Activity ▸ Drop the pictures, then extract the listing word for word.

*** Opening Dataset content ***

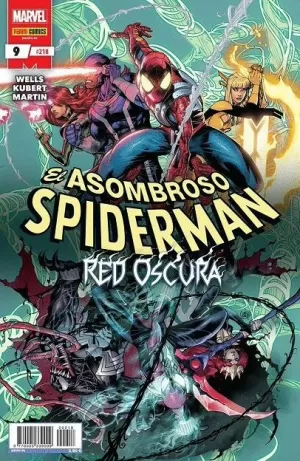 ASOMBROSO SPIDERMAN 09 (218)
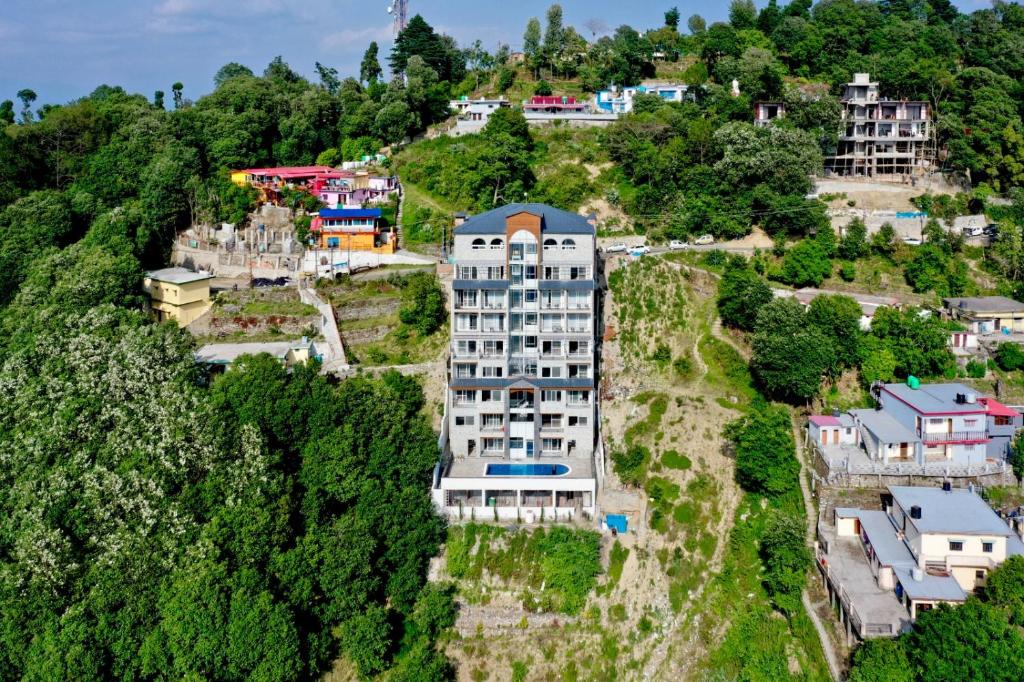 Příroda nedaleko hotelu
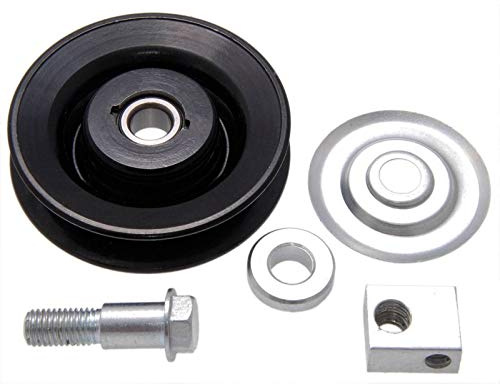 FEBEST Rullo tenditore Cinghia Poly-V 0487-V75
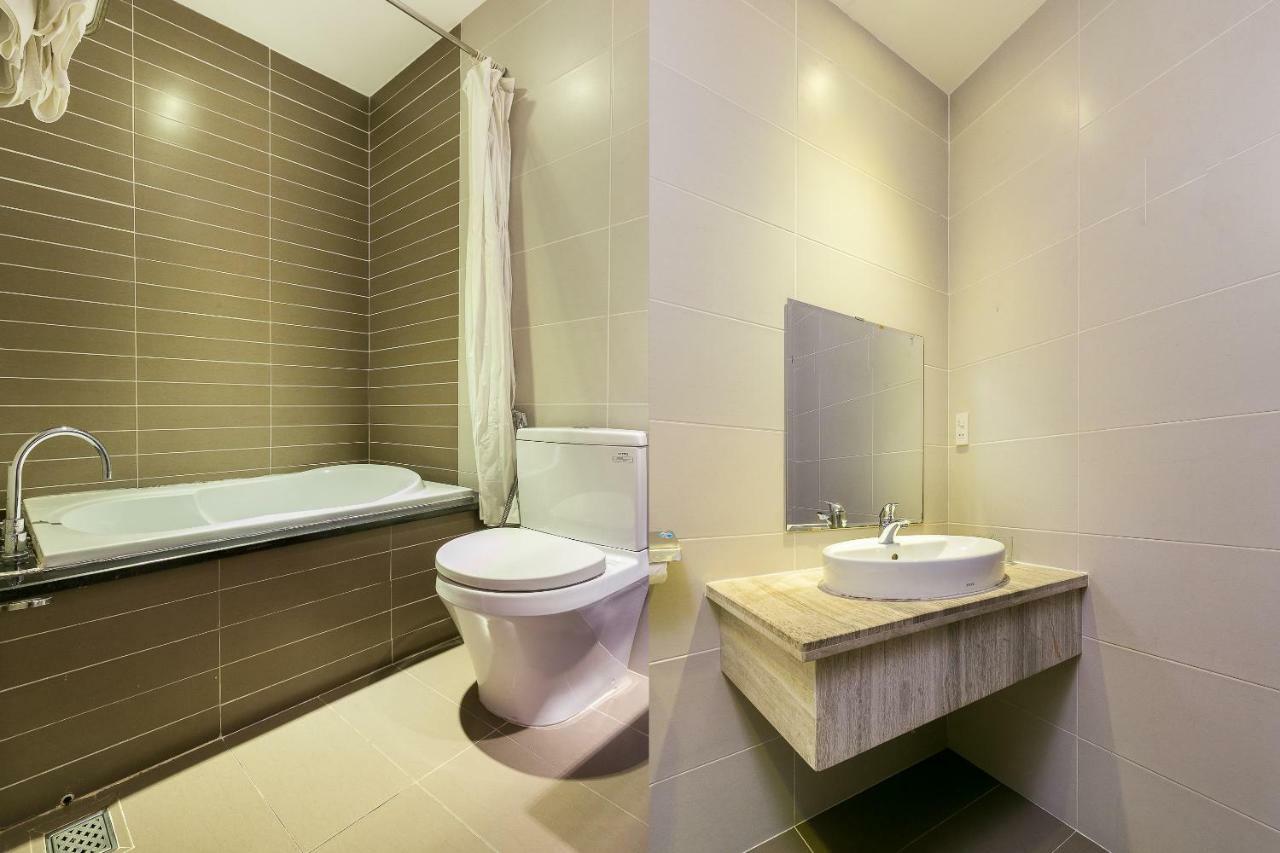 Oyo 273 Ngoc Anh Hotel Ho Chi Minh City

*** Closing Dataset content ***

Final answer ▸
 ASOMBROSO SPIDERMAN 09 (218)
 Příroda nedaleko hotelu
 FEBEST Rullo tenditore Cinghia Poly-V 0487-V75
 Oyo 273 Ngoc Anh Hotel Ho Chi Minh City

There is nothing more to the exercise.